Supplied records below:

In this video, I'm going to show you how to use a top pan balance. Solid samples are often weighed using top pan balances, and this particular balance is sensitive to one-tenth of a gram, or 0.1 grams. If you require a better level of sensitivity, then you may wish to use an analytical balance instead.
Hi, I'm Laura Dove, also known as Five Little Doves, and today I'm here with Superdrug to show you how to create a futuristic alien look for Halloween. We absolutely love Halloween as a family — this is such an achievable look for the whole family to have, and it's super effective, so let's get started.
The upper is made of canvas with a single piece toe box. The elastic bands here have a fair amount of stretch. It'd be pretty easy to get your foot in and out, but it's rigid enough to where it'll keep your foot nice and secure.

End of Supplied records.
Supplied records below:

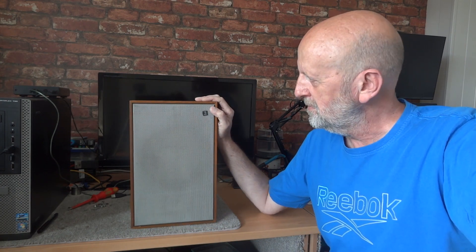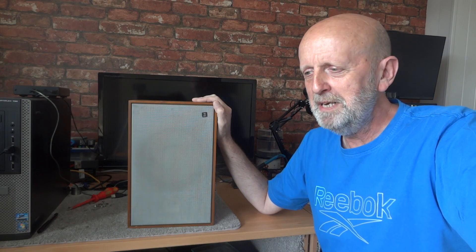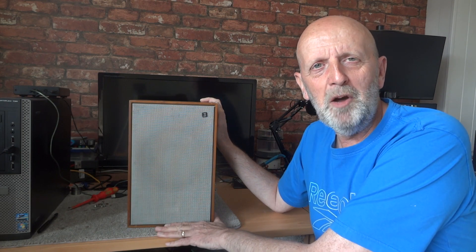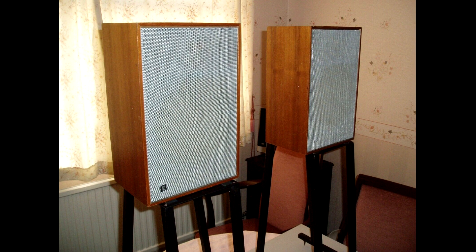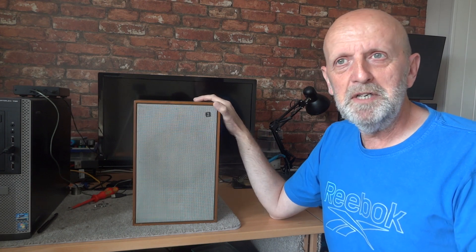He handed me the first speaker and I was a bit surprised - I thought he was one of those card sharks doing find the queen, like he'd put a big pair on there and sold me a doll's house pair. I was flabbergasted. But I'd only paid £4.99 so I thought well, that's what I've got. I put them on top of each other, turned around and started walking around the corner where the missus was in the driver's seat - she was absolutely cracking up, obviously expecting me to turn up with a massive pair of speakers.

End of Supplied records.

Work order
Looking at the records above, return exactly the lines from the line with "Hi, I'm Laura" to the line with "The upper is", both ends included.

Result of this exercise
Hi, I'm Laura Dove, also known as Five Little Doves, and today I'm here with Superdrug to show you how to create a futuristic alien look for Halloween. We absolutely love Halloween as a family — this is such an achievable look for the whole family to have, and it's super effective, so let's get started.
The upper is made of canvas with a single piece toe box. The elastic bands here have a fair amount of stretch. It'd be pretty easy to get your foot in and out, but it's rigid enough to where it'll keep your foot nice and secure.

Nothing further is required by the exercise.